Le dessinateur Riss est l’un des survivants de l’attaque islamiste de janvier 2015 contre la rédaction de l’hebdomadaire satyrique Charlie Hebdo (12 morts, 11 blessés dont 4 grièvement) dont il reprendra la direction après sa sortie de l’hôpital. Dans ce récit il revient sur cette tragédie qui a stupéfié la France, précédé de quelques jours celle de l’HyperCasher (4 morts) et de quelques mois celles du Bataclan et des « Terrasses » à Paris en novembre (130 morts, plus de 400 blessés).
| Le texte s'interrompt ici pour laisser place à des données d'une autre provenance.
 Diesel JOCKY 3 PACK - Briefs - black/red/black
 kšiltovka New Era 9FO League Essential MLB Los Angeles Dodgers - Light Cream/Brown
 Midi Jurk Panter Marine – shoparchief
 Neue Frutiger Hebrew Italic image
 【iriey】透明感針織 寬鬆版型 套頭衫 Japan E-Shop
Il raconte ces 100 secondes fatidiques qui se sont déroulées à l’intérieur de la rédaction du journal transformé en champs de massacre, et il narre, surtout, les années d’avant et celles d’après.
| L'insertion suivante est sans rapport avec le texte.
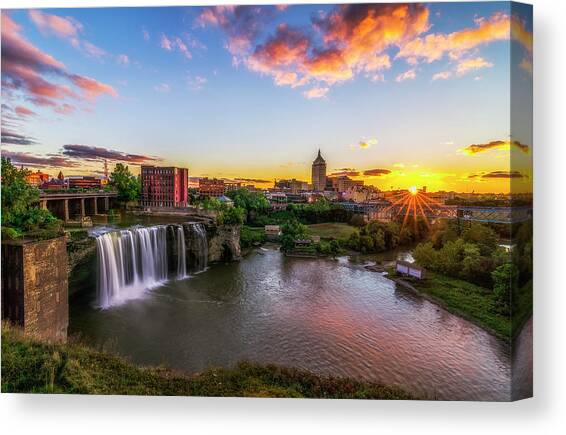 High Falls Rochester NY Canvas Art Print by Mark Papke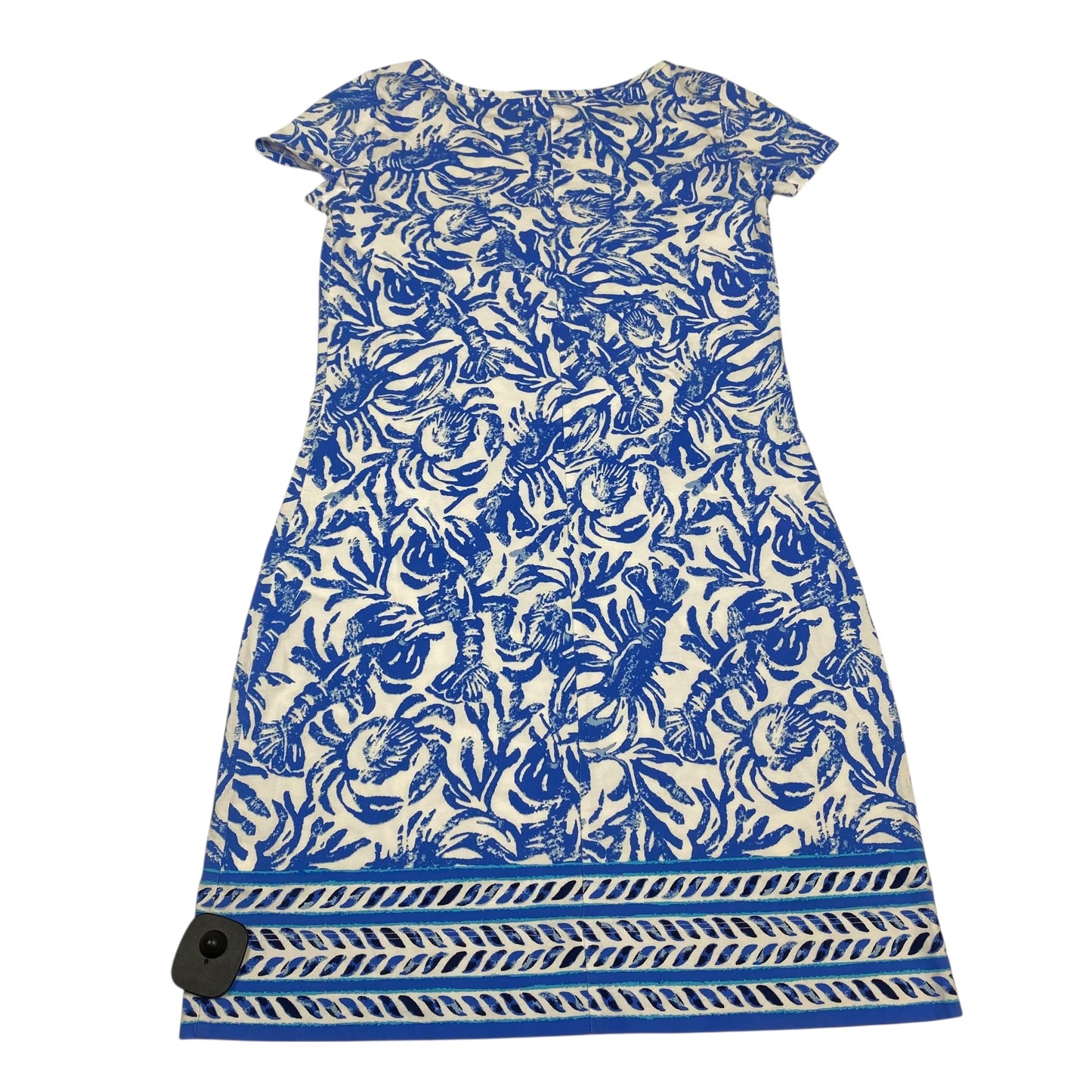 Dress Designer By Lilly Pulitzer In Blue & White, Size:Xs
Dessinateur dans l’âme depuis l’enfance il avance progressivement dans la carrière, rencontre ses héros Cabu, Wolinski, Cavanna… et s’associe avec eux lorsque Charlie Hebdo est relancé en 1992. Il apprend le métier avec ces géants, Charb devient son ami. Cette joyeuse bande vivote dans un journal toujours entre la faillite et la poilade mais ses membres rigolent à n’en plus finir et croquent la vie française de façon toujours plus hilarante et provocatrice au nom de la liberté d’expression.
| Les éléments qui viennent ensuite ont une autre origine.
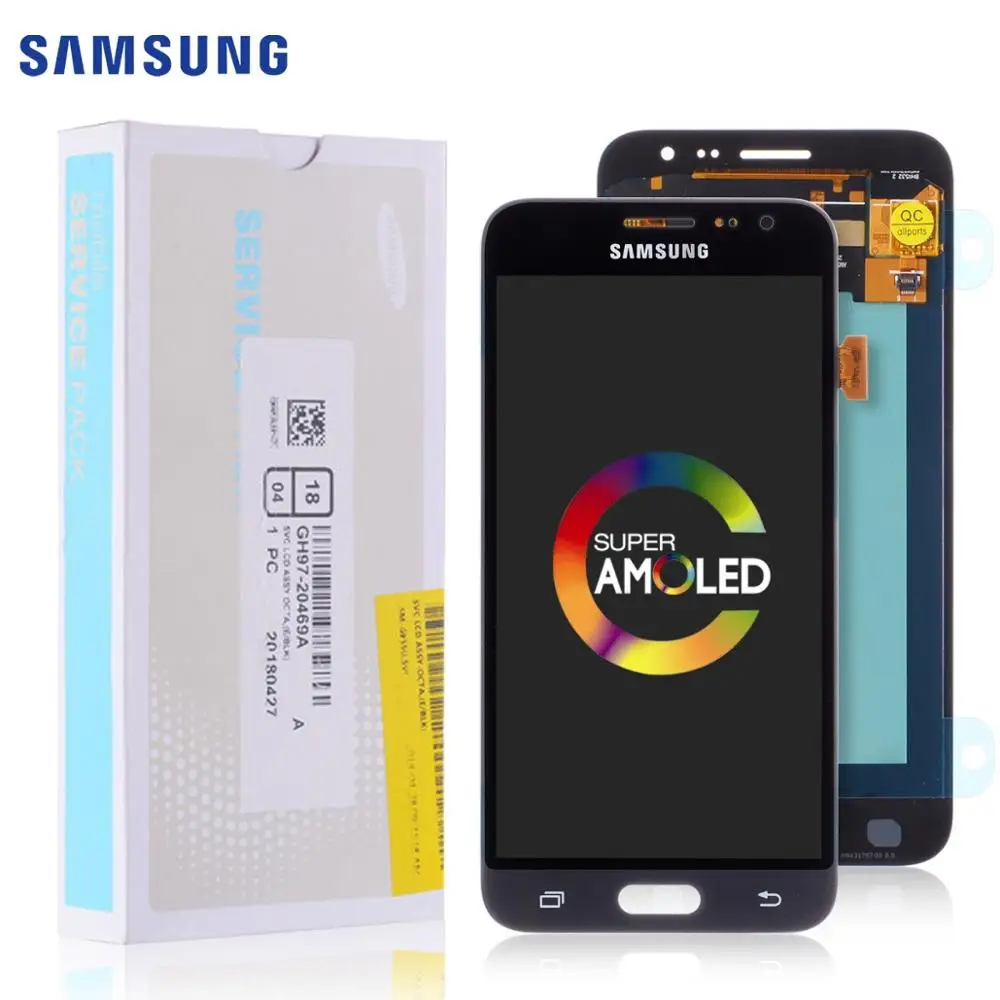Дешево AMOLED Дисплей для SAMSUNG J3 2016 J320 font b LCD b font в сборе с тачскрином Оригинал 5.0 черный белый золотой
Mais cet âge d’or se termine en 2015, la rigolade a pris fin, écrasée sur le mur de la bêtise humaine. Les survivants et la relève continuent le journal. Avec une certaine amertume Riss raconte les combats post-janvier 2015, contre les intellectuels de l’islamo-gauchisme émergent, contre les revendications des aigrefins qui rôdent autour des dons reçus par la rédaction par millions d’euros après le drame et, toujours avec une foi et un engagement qui forcent l’admiration, pour la liberté d’expression quel que soit le sujet.

Ce récit est émouvant, on n’y retrouve pas l’humour grinçant habituel du Riss que l’on connaît dans Charlie. C’est le livre de la gravité. Beaucoup a déjà été dit et écrit sur cette tragédie par ceux qui ont survécu, Riss avait certainement besoin lui aussi de coucher ses sentiments sur le papier, d’autant plus que ces survivants sont non seulement marqués par ce qu’ils ont vécu mais restent sous la menace du terrorisme religieux nécessitant leur protection sans doute jusqu’à la fin de leurs jours, leur rappelant tous les matins le monde terrible dans lequel ils sont entrés ce 7 janvier 2015, sans espoir de retour.